Banks, Gridlock, and Poor People

To be considered a bank, you have to be chartered as such by the Federal Reserve. S&Ls and credit unions are chartered too, but their charters are different. There used to be two kinds of banks, commercial banks and investment banks but, some time ago, the laws were changed so that one bank can be both things. After the last financial crisis, when some of the biggest banks had to be bailed out, there was some talk about re-separating the commercial banks from the investment banks, but I don't think that anything ever came of it. For people like you and me, there is no significant difference between an S&L or credit union and a bank. They all take in deposits, loan out money, and provide checking accounts. If we were big shot wheeler dealers, we would be more likely to use banks than the other things. I'm not sure why, but it probably has something to do with the size of the loans they provide and their intended purpose. If we were borrowing millions of dollars to buy out another company, we would need to go to a bank while, if we just want to buy a house or a car, our local credit union would do just fine.

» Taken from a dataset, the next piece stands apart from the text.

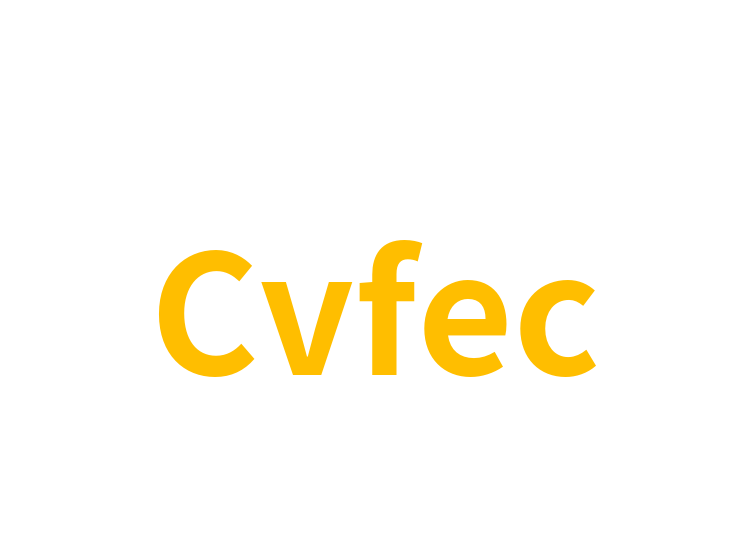Cvfec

Although our current government is far from perfect, most of us right wing nuts believe that you guys want to make it worse, not better. Therefore, gridlock is better than sliding further down the slippery slope to totalitarian socialism. I suppose it might be possible to slide back up the slope too, but that's not likely to happen any time soon. It's like somebody said in Alice in Wonderland, "These days you have to run as fast as you can just to stay in the same place."

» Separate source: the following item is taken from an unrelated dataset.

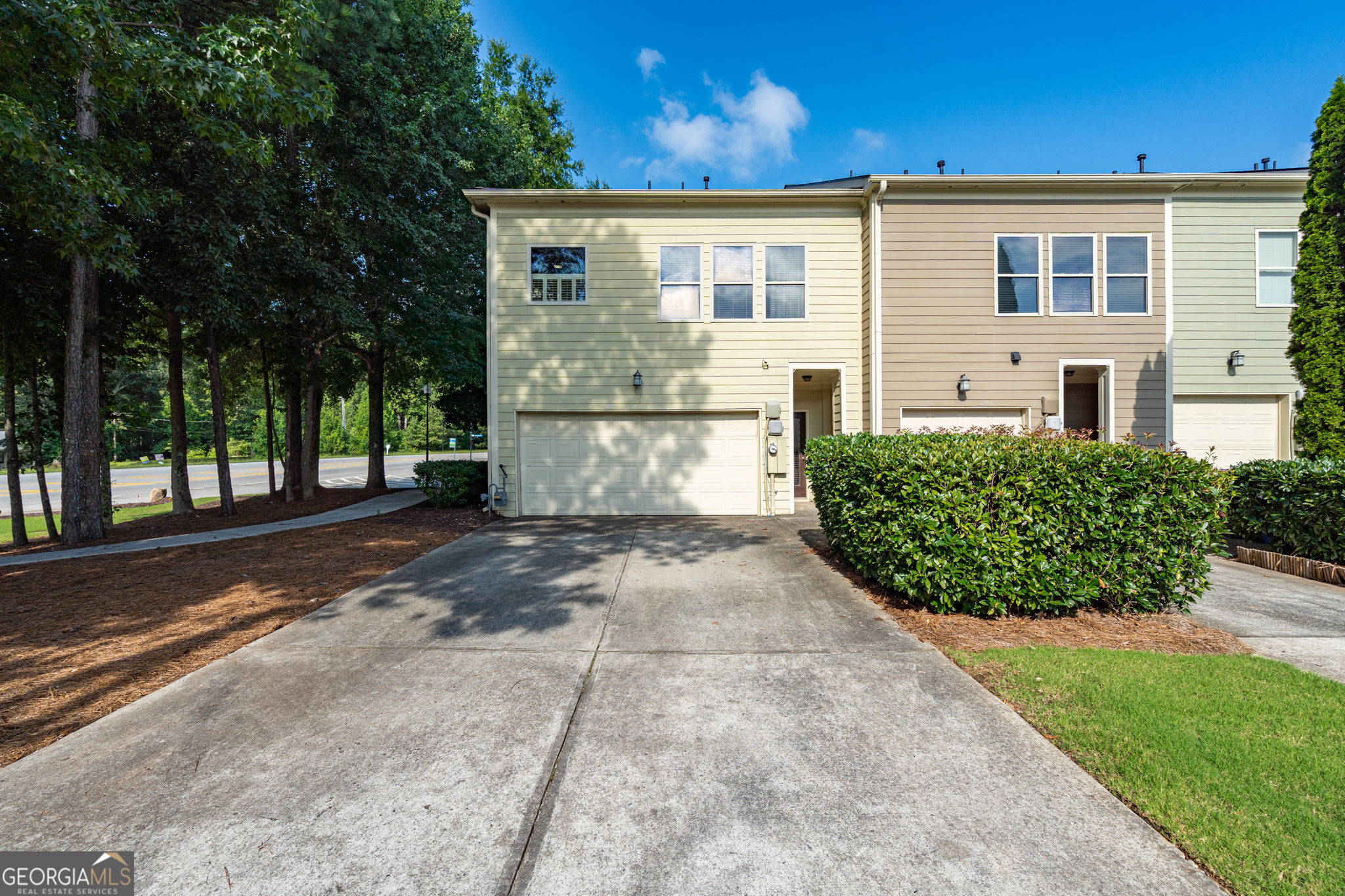 9938 Mancunian Way Property Photo 44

Once before you challenged me to identify what time in political history I would like to go back to, and I couldn't do it. The best I could come up with was to say that it's not so much where you are as it is in what direction you are heading. Like back in the days when the ink was still wet on the constitution, they had slavery, but lots of people were working to abolish it, so there was reason to believe that the future would be better than the present. Nowadays, all we've got to look forward to is "another day older and deeper in debt".

Take poverty, for example. Lyndon Johnson declared the War on Poverty way back in the 60s. Since then, lots of money has been spent on numerous programs, but what has been gained? According to your own liberal people's statements, the gap between the rich and the poor is wider now than it has ever been, an increasingly smaller number of people have an increasingly larger share of the wealth, and the "middle class" is fading away. It looks like they are losing the War on Poverty, so what do they propose to do? Why, just spend more money on more programs! I think that, if it were possible to spend your way out of poverty, we would all be rich as kings by now.

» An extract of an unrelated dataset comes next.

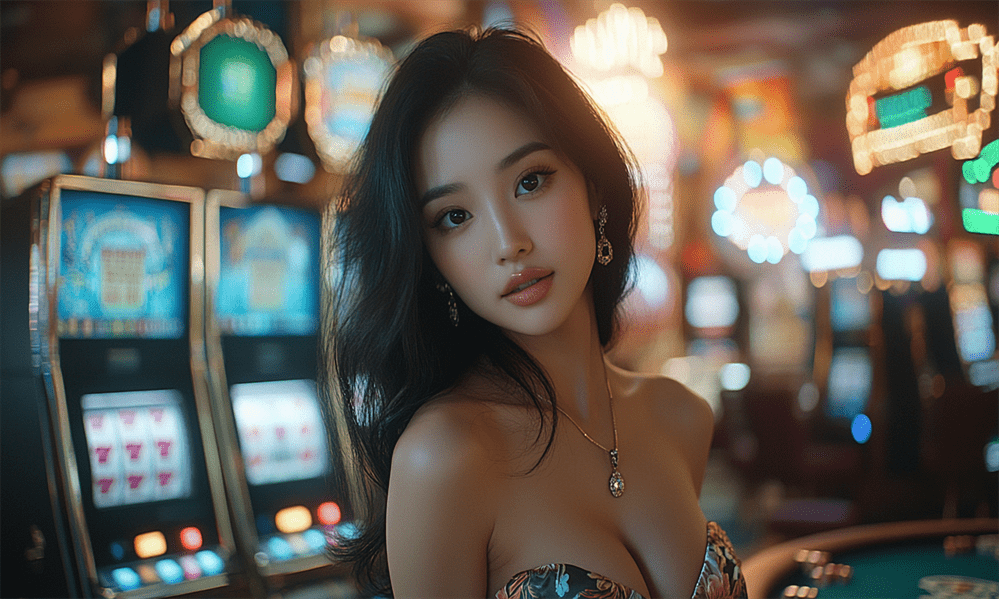v777 casino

So what do we do about all those poor people? You said something about feeding the poor, but all that does is perpetuate the cycle. Some of my conservative colleagues want to just cut them off cold turkey, but that won't work either. If you regularly put out food for birds or other wildlife, they become dependent on it and, if you suddenly cut them off in the middle of winter, a lot of them won't make it till spring. If you care about these creatures, but don't want them dependent on you, wait until summer when their natural food is abundant, and then wean them off gradually.

Since the War on Poverty was declared, I have watched the employment situation in this country slide steadily down hill. What they need to do first is restore the good paying jobs that we had in the 60s, then they can talk about getting people off of government assistance. Don't tell me that it can't be done, if they can put a man on the Moon they can do anything!